→ DESCRIPTION OF THE TASK: Each entry below should be given again exactly; the pictures stay out.

[PROVIDED INFORMATION]

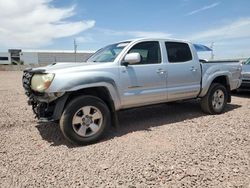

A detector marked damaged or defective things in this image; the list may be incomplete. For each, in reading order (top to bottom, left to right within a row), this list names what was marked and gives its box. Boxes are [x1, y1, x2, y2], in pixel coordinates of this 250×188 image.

damaged front bumper [21, 69, 67, 122]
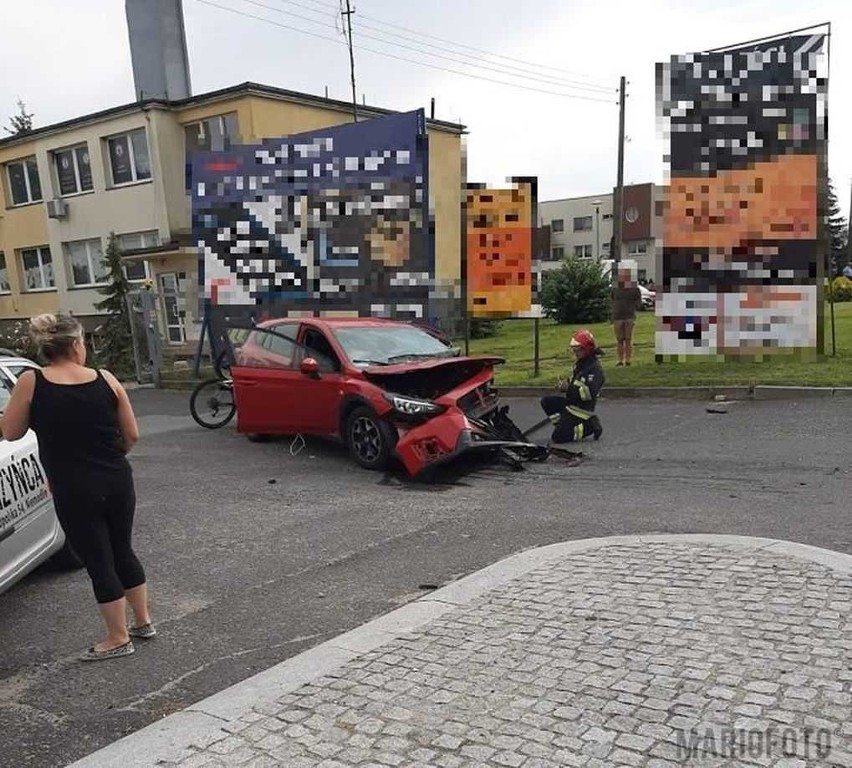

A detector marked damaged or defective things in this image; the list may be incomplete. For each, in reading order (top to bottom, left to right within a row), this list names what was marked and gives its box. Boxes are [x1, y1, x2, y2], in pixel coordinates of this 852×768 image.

red damaged car [230, 316, 544, 474]
crumpled car hood [362, 356, 506, 400]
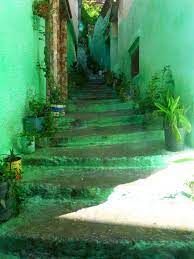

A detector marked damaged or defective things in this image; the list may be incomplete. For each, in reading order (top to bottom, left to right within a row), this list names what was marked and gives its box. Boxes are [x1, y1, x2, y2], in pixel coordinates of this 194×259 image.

peeling paint wall [0, 0, 45, 154]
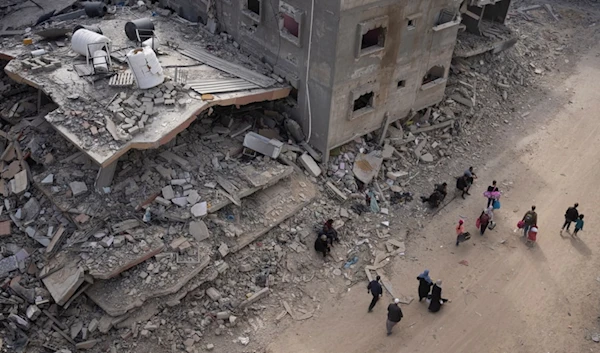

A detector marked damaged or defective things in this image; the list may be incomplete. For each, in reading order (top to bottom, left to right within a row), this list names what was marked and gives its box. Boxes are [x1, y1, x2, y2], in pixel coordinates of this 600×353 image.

broken concrete slab [298, 153, 322, 177]
broken concrete slab [41, 262, 84, 306]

[/PROVIDED INFORMATION]

→ ANSWER BOX:
A detector marked damaged or defective things in this image; the list may be incomplete. For each, in reading order (top to bottom, left to right within a row), this list names what was marked and gives its box. Boxes are [x1, y1, x2, y2], in pixel coordinates of this 250×188 image.

damaged front bumper [21, 69, 67, 122]

A detector marked damaged or defective things in this image; the list may be incomplete. For each, in reading order (top to bottom, left to right within a row), this list names what was marked and gives its box. Boxes are [x1, y1, x2, y2], in pixel coordinates of this 852×768 image.

red damaged car [230, 316, 544, 474]
crumpled car hood [362, 356, 506, 400]

A detector marked damaged or defective things in this image; the list may be incomplete. For each, in reading order (top to bottom, left to right within a row), this list names what was marked and gives its box. Boxes are [x1, y1, x2, y2], in pixel coordinates of this 194×259 image.

peeling paint wall [0, 0, 45, 154]

A detector marked damaged or defective things in this image; the list may be incomplete. For each, in reading order (top to bottom, left to right within a row), this list names what was marked and gives its box. Boxes are [x1, y1, x2, y2], in pixel coordinates of this 600×353 image.

broken concrete slab [298, 153, 322, 177]
broken concrete slab [41, 262, 84, 306]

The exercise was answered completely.